[Data]
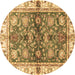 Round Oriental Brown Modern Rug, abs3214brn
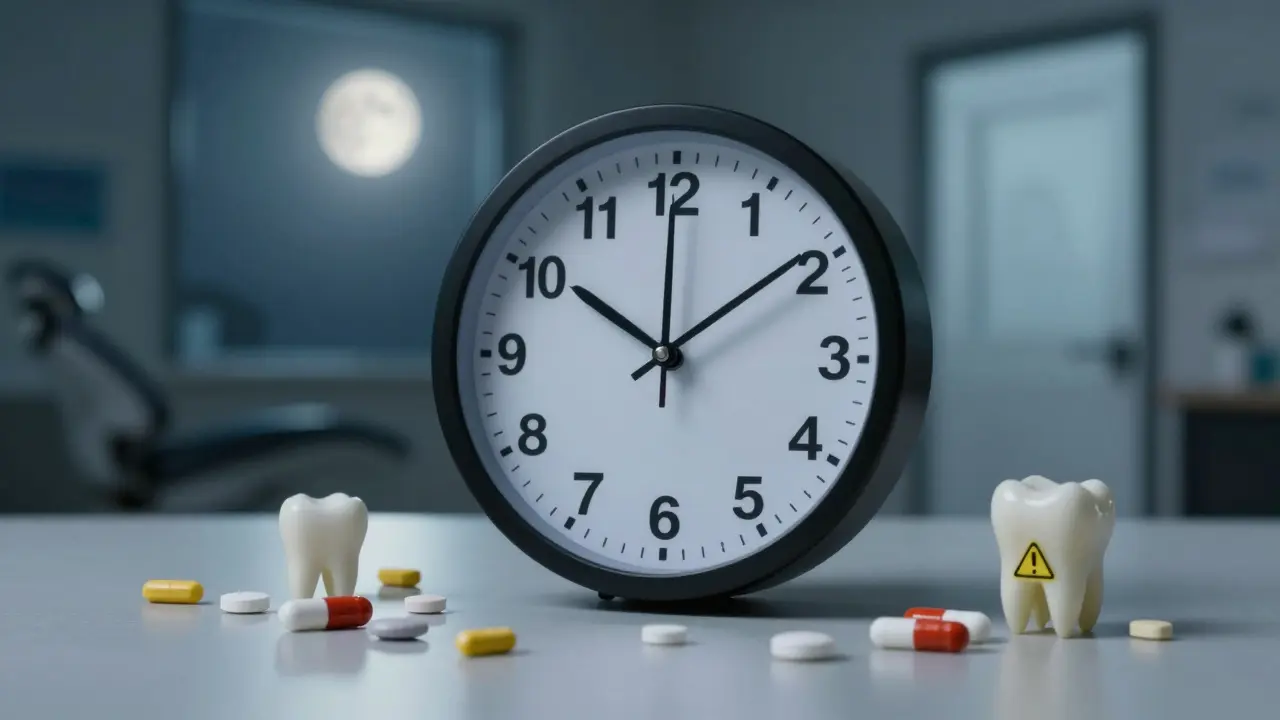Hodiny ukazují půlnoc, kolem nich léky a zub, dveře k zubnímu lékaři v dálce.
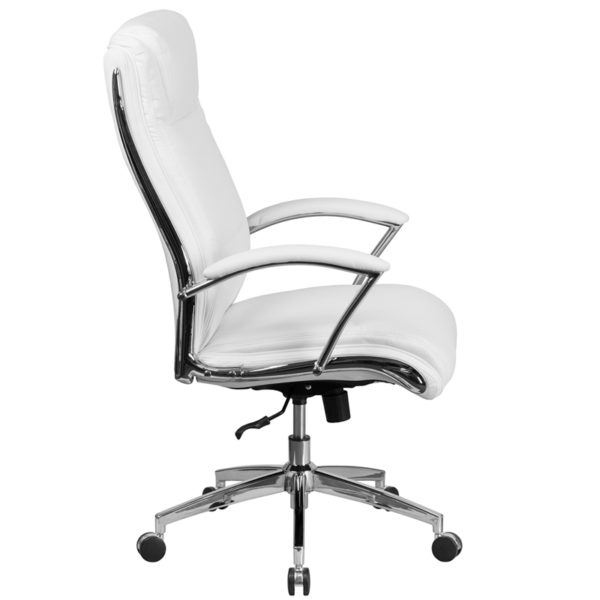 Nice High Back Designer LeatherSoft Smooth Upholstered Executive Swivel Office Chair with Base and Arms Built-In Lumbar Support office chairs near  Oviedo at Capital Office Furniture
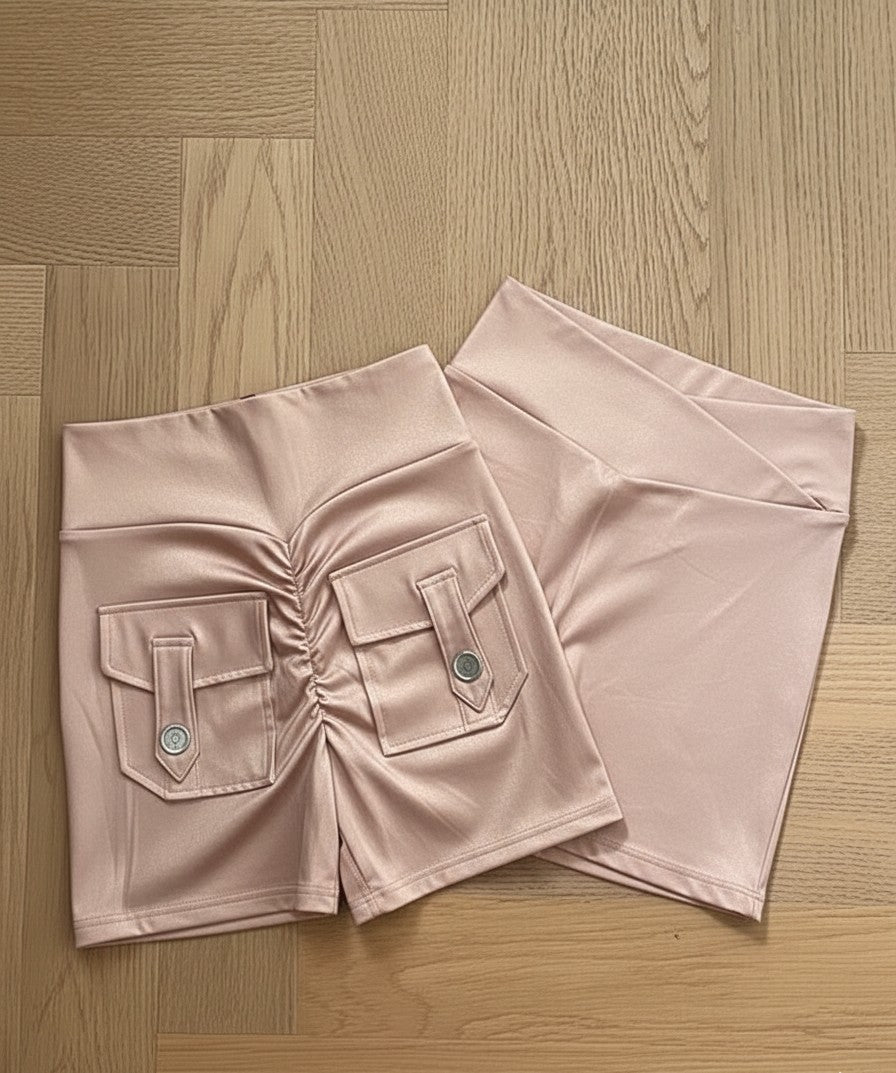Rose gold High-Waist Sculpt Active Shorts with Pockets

[Your assignment]
Nothing should be printed except the lines from the one with "Hodiny ukazují půlnoc, kolem" through the last line of the listing above, both ends included; please drop the pictures.

[Your solution]
Hodiny ukazují půlnoc, kolem nich léky a zub, dveře k zubnímu lékaři v dálce.
 Nice High Back Designer LeatherSoft Smooth Upholstered Executive Swivel Office Chair with Base and Arms Built-In Lumbar Support office chairs near  Oviedo at Capital Office Furniture
Rose gold High-Waist Sculpt Active Shorts with Pockets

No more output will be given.